Company Valuation

 

How much is a company worth? First consider what kind of company it is - startup; fast growing; mature; or declining. Each phase of a company's life cycle requires different methods of valuation. The hardest companies to value are in the startup phase. They are private and often have scant history of valuation for fund raising. So, in these cases, look at four aspects of the company:

First, is there a Visionary - someone who knows where the market is heading and understands how to leverage that knowledge into revenue? The visionary also has to have communication skills to articulate the company's vision, and raw passion to get things done to execute his vision.

Second, is there cohesiveness in the company's workers? This is usually seen in descriptions of the workforce containing phrases such as "shared vision", "common goals", "singular passion", etc. Can each worker articulate what the company is trying to accomplish?

Third, is there something unique about the product or service that makes it hard to copy. (Groupon had a great idea, but within months they were copied by Living Social and now by Amazon.

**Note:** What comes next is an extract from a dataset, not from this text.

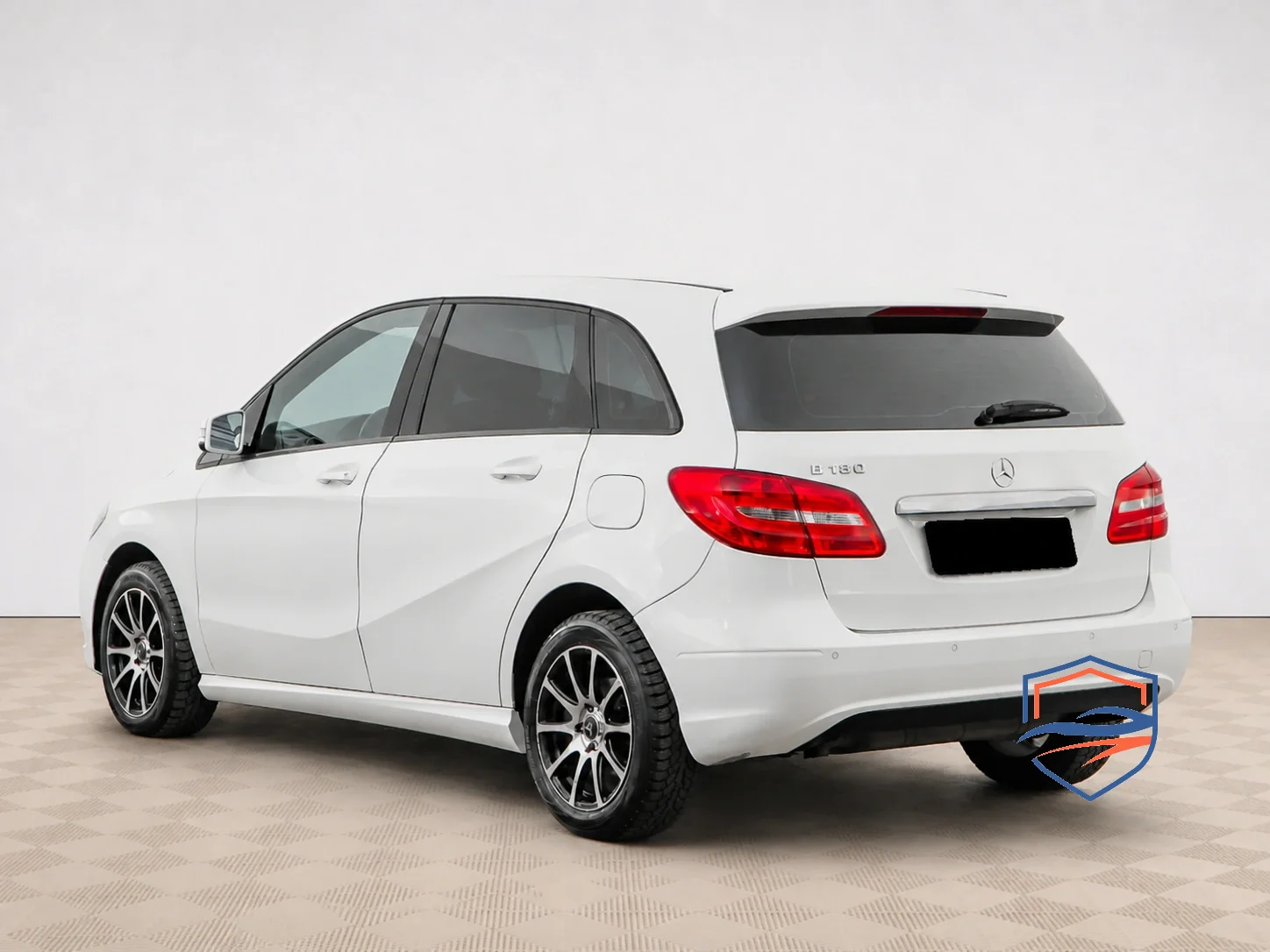 Mercedes-Benz - Mercedes-Benz B-Класс II (W246), 2013 г.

Groupon appears headed for the dust-bin unless they create a new product or service.) One common form of recognizing (and protecting) uniqueness is a patent (or patents). Are the patents provisional (not much protection as they haven't been reviewed by the patent office), pending (under review), or issued (approved by the patent office).

Fourth, is the company spending its money wisely? Someone once told me that a tipping point into failure is when a company buys custom furniture for all their offices before becoming profitable. While there are exceptions, that is a good illustration of taking one's eyes off the goal of creating a healthy, lasting company.